I have a set of char and I want to do an hash function because I want to change the set with hash set, for each char I have a index , so what I do now :

pair --> index p = 1 index a = 2 index i = 3 index r= 4---> so my hash return 1234

but if for example I have

so --> index s = 12 index o = 34 ---> hash 1234

COLLISION!!!!

P.S. : I cannot order my char in alphabetic number....

So , is there anyone that can help me?? THANKS A LOT :)

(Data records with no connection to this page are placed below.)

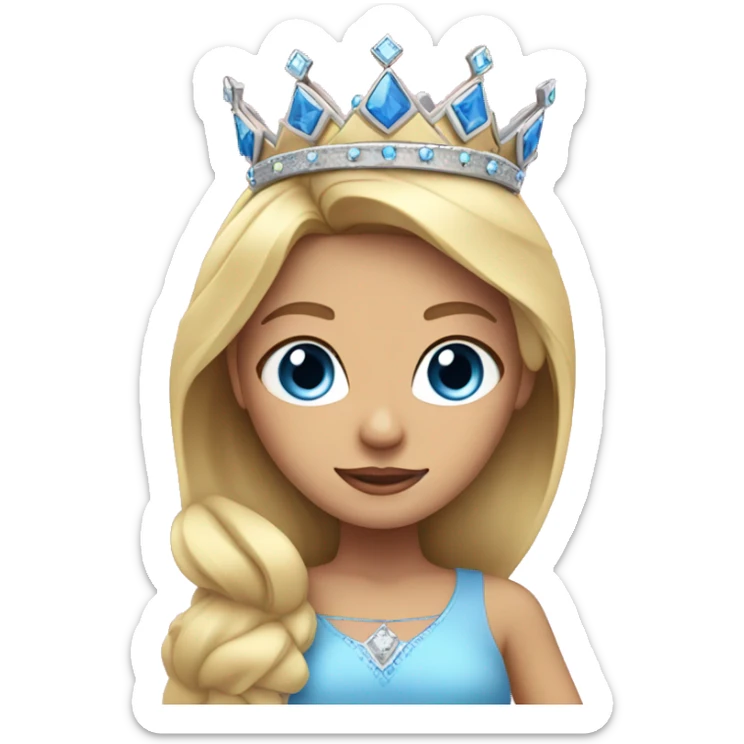Blonde princess emoji girl with straight hair parted in the middle and blue eyes and a pink crown sticker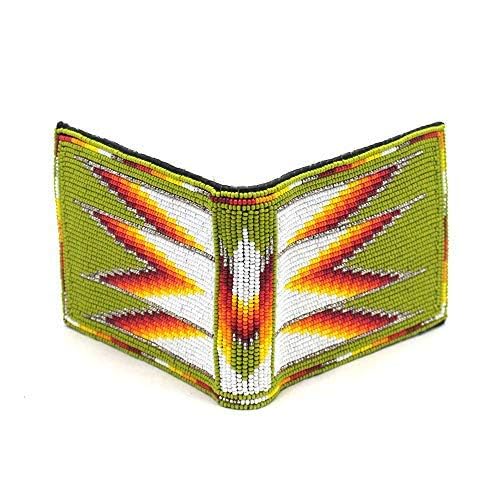 Handmade Beaded Men's Wallet - Native American Style Seed Beads Unisex Leather Wallet for Men (Green, White, Red) | Perfect Gift for Him, Fathers Day, Birthday & Special Occasions | Ideal for Everyday Use, Travel & Outdoor Activities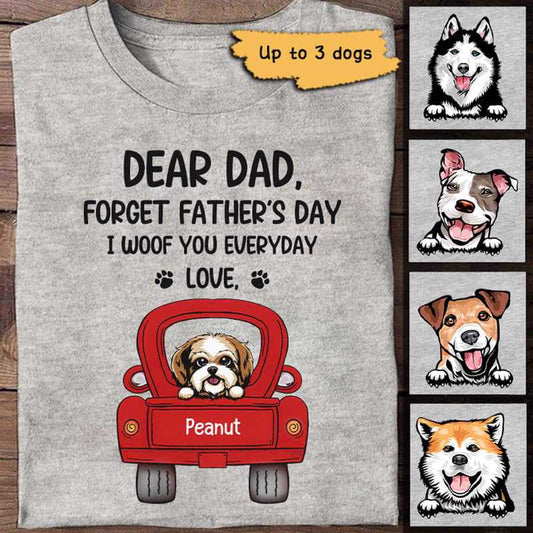 Apparel Dogs On Truck Forget Father‘s Day Personalized Shirt Classic Tee / Ash Classic Tee / S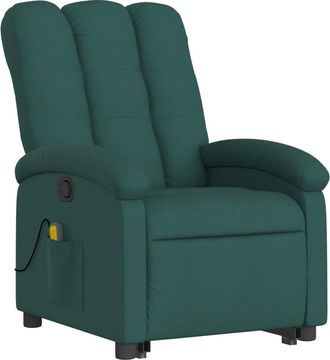 vidaXL Vidaxl - Silla De Masaje Reclinable De Pie De Tela Verde Oscura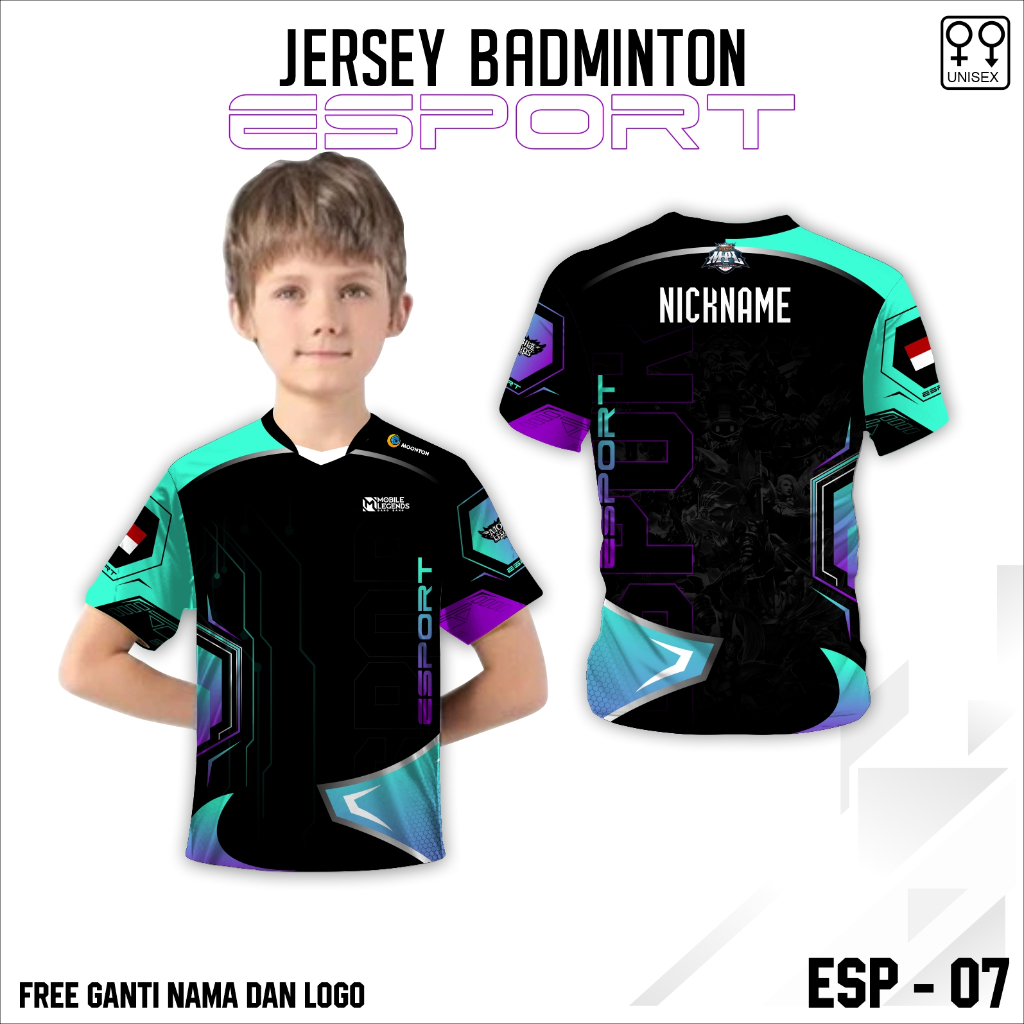 Kaos jersey esport mobile legend baju gamres anak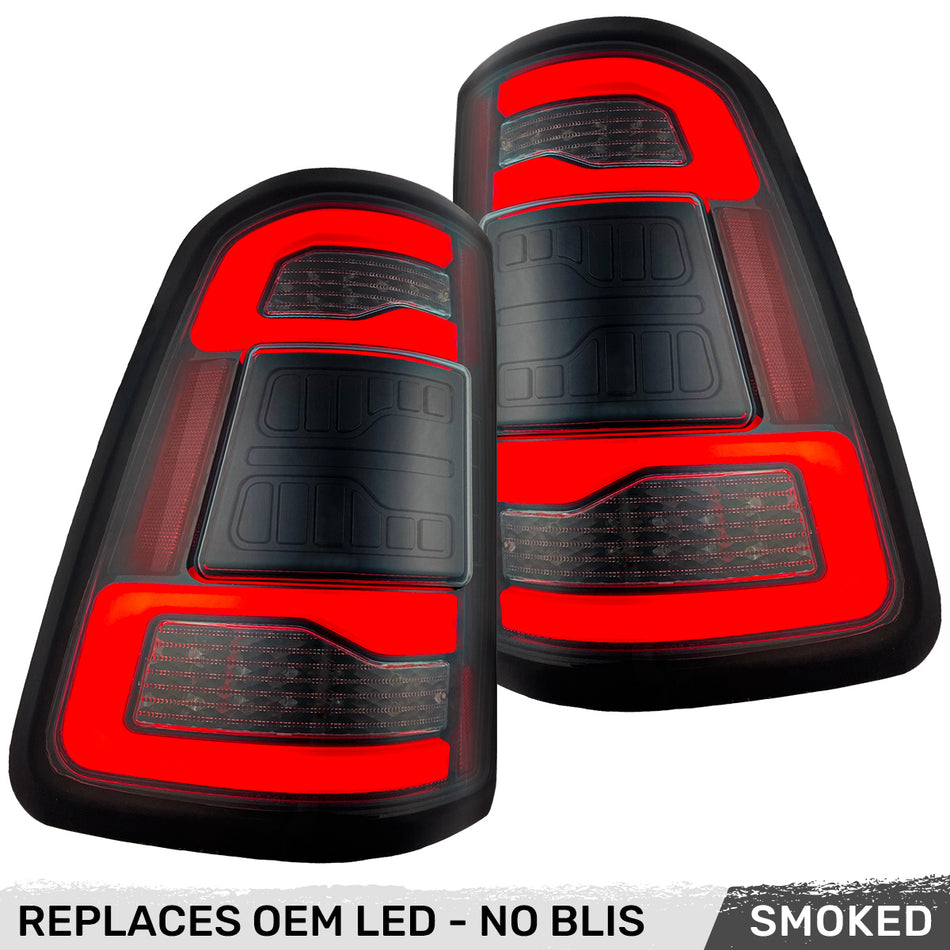 Dodge RAM 1500 19-23 OLED Tail Lights Smoked w/ Scanning Red Turn Signals w/ NO Blind Spot Sensor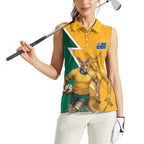 Australia Wallabies Kangaroo Women Sleeveless Polo Shirt Australia Flag And Lightning Bolt - Aboriginal Rugby Mascot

  • This is why you shouldn't design your own hash. What's wrong with using existing widely-used ones, like md5/sha1? – Marc B Apr 17 '13 at 15:21
  • Commonly the chars are multiplied with some good chosed numbers which often gets XORed, but you do nothing like that... Typical multiple mathematical experts needs month to develope a hash algorithm. – rekire Apr 17 '13 at 15:22
  • Because I have also integers numbers in my set and if I have to do to_string and then pass the value to md5/sha1 is too much expensive :( – Leonardo Rania Apr 17 '13 at 15:25
  • Building a hash is more expensive than converting. Depending on your data structure you could simply hash the memory of your structure. So you don't need to convert anything. – rekire Apr 17 '13 at 15:30
  • No no trust me...building a hash is more expensive only for the brain :) I tried to use md5/sha1/superFast... – Leonardo Rania Apr 17 '13 at 15:33
  • Try a bit rotation together with XOR the next byte. That would result less collisions, but that will produce some. By the way if you don't be an expert or a PhD i won't trust you ;-) – rekire Apr 17 '13 at 15:37
  • Yes,I didn't say that is always expensive but in my case yes :) however I'm doing a master thesis... – Leonardo Rania Apr 17 '13 at 15:44
  • In this case I'm just a little step ahead I've completed mine. – rekire Apr 17 '13 at 15:48
  • good :) I hope to reach you as soon as possible :D – Leonardo Rania Apr 17 '13 at 15:51
  • xor is not good for me ..... my hash function now is : h = join(h,CHAR.getIndex()+1) – Leonardo Rania Apr 17 '13 at 15:52
  • Which programming language you using? XOR should be fast AFIK XOR is also a CPU command. – rekire Apr 17 '13 at 15:58
  • c++ .... sure xor is fast but not in my case I have to found a number to sum or multiply or other operation to CHAR.getIndex() to resolve the collisions ....but my hash function must be h = join(h,CHAR.getIndex()).... – Leonardo Rania Apr 17 '13 at 16:02

1 Answers1

0

You could try the string hashing function of Java. This is my C# port which should be simple ported to c++:

int javaHash(String txt) {
    uint h = 0;
    if(txt.Length > 0) {
        for(int i = 0; i < txt.Length; i++) {
            h = 31 * h + txt[i];
        }
    }
    return (int)h;
}
rekire
  • 47,260
  • 30
  • 167
  • 264